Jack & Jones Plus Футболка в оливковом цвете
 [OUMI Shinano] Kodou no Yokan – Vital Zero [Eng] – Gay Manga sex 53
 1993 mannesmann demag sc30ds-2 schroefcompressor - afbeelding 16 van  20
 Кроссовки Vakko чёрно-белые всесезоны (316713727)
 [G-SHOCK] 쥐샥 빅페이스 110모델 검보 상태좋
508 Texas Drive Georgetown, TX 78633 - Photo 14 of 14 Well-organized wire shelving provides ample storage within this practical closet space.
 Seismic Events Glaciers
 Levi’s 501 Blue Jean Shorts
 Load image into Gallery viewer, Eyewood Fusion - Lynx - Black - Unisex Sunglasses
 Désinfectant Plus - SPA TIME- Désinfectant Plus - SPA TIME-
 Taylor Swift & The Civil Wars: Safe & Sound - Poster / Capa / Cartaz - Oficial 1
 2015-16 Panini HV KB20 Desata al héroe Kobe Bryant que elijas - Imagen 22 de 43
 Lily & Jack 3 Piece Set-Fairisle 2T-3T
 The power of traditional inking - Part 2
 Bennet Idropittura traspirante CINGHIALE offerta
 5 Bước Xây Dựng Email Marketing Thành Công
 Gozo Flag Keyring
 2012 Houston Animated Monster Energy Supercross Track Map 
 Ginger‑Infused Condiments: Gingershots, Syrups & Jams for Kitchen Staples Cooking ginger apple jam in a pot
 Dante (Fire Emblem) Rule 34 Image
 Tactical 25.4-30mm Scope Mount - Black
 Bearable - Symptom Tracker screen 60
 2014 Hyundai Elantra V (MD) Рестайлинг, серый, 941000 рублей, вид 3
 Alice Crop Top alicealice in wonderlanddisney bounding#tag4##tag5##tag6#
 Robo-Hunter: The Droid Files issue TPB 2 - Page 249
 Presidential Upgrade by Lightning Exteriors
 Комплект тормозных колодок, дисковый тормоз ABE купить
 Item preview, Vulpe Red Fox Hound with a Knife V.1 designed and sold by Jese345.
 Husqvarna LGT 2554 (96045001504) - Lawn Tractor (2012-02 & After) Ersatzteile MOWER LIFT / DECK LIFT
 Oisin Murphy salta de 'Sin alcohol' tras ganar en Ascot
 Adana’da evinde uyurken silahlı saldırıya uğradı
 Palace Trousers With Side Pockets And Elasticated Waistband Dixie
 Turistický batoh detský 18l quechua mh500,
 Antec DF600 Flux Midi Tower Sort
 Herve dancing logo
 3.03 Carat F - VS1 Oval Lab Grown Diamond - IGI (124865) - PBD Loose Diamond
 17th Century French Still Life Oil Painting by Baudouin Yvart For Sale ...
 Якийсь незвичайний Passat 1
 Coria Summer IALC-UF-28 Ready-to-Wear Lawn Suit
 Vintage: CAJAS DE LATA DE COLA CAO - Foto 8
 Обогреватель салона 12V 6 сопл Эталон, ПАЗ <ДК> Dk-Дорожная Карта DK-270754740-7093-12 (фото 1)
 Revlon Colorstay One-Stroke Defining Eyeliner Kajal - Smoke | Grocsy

_ _ _ _

* **Instructions for the task**:
Reproduce exactly, and with no other material, the lines between those holding "Husqvarna LGT 2554" and "Herve dancing logo", inclusive.

* **Solution for this exercise**:
 Husqvarna LGT 2554 (96045001504) - Lawn Tractor (2012-02 & After) Ersatzteile MOWER LIFT / DECK LIFT
 Oisin Murphy salta de 'Sin alcohol' tras ganar en Ascot
 Adana’da evinde uyurken silahlı saldırıya uğradı
 Palace Trousers With Side Pockets And Elasticated Waistband Dixie
 Turistický batoh detský 18l quechua mh500,
 Antec DF600 Flux Midi Tower Sort
 Herve dancing logo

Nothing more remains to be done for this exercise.